I remember the simpler days. Back when our infrastructure all lived in one place, usually just in one room, and path monitoring could be as simple as walking in to see if everything looked OK. Today’s environments are very different, with our infrastructure being distributed all over the planet and much of it not even being something you can touch with your hands. So, with ever increasing levels of abstractions introduced by virtualization, cloud infrastructure, and overlays, how do you really know that everything you’re running is performing the way you need it to? In networking this can be a big challenge as we often solve technical challenges by abstracting the physical path from the routing and forwarding logic. Sometimes we do this multiple times, with overlays, existing within overlays, that all run over the same underlay. How do you maintain visibility when your network infrastructure is a bunch of abstractions?
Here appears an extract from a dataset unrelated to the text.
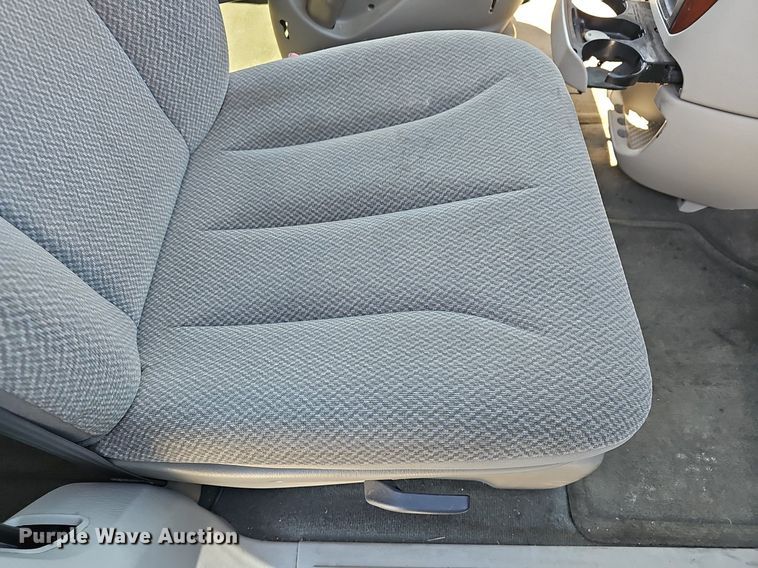 image for item DM1588 2005 Chrysler Town & Country LX van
It’s a challenge, but I have a few tips that should help if you find yourself in this situation.
Know Your Underlay
While all the fancy and interesting stuff is happening in the overlay, your underlay acts much like the foundation of a house. If it isn’t solid, there's no hope for everything built on top of it to run the way you want it to. Traditionally this has been done with polling and traps, but the networking world is evolving, and newer systems are enabling real-time information gathering (streaming telemetry). Collecting both old and new styles of telemetry information and looking for anomalies will give you a picture of the performance of the individual components that comprise your physical infrastructure. Problems in the underlay effect everything, so this should be the first step you take, and the one you're most likely familiar with, to ensure your operations run smoothly.
Monitor Reality
Polling and traps are good tools, but they don’t tell us everything we really need to know. Discarded frames and interface errors may give us concrete proof of an issue, but they give no context to how that issue is affecting the services running on your network. Additionally, with more and more services moving to IaaS and SaaS, you don’t necessarily have access to operational data on third-party devices. Synthetic transactions are the key here. While it may sound obvious to server administrators, it might be a bit foreign for network practitioners. Monitor the very things your users are trying to do. Are you supporting a web application? Regularly send an HTTP request to the site and measure response time to completion. Measure the amount of data that is returned. Look for web server status codes and anomalies in that transaction. Do the same for database systems, and collaboration systems, and file servers… You get the idea. This is the proverbial canary in a coal mine that lets you know something is up before the users end up standing next to your desk. The reality is that network problems ultimately manifest themselves as system issues to the end users, so you can’t ignore this component of your network.
Numbers Can Lie
One of the unwritten rules of visibility tools is to use the IP address, not the DNS name, in setting up pollers and monitoring. I mean, we’re networkers, right? IP addresses are the real source of truth when it comes to path selection and performance. While there is some level of wisdom to this, it omits part of the bigger picture and can lead you astray. Administrators may regularly use IP addresses to connect to and use the systems we run, but that is rarely true for our users, and DNS often is a contributing cause to outages and performance issues. Speaking again to services that reside far outside our physical premises, the DNS picture can get even more complicated depending on the perspective and path you are using to access those services. Keep that in mind and use synthetic transactions to query your significant name entries, but also set up some pollers that use the DNS system to resolve the address of target hosts to ensure both name resolution and direct IP traffic are seeing similar performance characteristics.
Perspective Matters
It’s always been true, but where you test from is often just as important as what you test. Traditionally our polling systems are centrally located and close to the things they monitor. Proverbially they act as the administrator walking into the room to check on things, except they just live there all the time. This design makes a lot of sense in a hub style design, where many offices may come back to a handful of regional hubs for computing resources. But, yet again, cloud infrastructure is changing this in a big way. Many organizations offload internet traffic at the branch, meaning access to some of your resources may be happening over the internet and some may be happening over your WAN. If this is the case, it makes way more sense to be monitoring from the user’s perspective, rather than from your data centers. There are some neat tools out there to place small and inexpensive sensors all over your network, giving you the opportunity to see the network through many different perspectives and giving you a broader view on network performance.
Final Thoughts
While the tactics and targets may change over time, the same rules that have always applied, still apply. Our visibility systems are only as good as the foresight we have into what could possibly go wrong. With virtualization, cloud, and abstraction playing larger roles in our network, it’s more important than ever to have a clear picture of what it is in our infrastructure that we should be looking for. Abstraction reduces the complexity presented to the end user but, in the end, all it is doing is hiding the complexity that’s always existed. Typically, abstraction increases overall system complexity. And as our networks and system become ever more complex, it takes more thought and insight into “how things really work” to make sure we are looking for the right things, in the right places, to confidently know the state of the systems we are responsible for.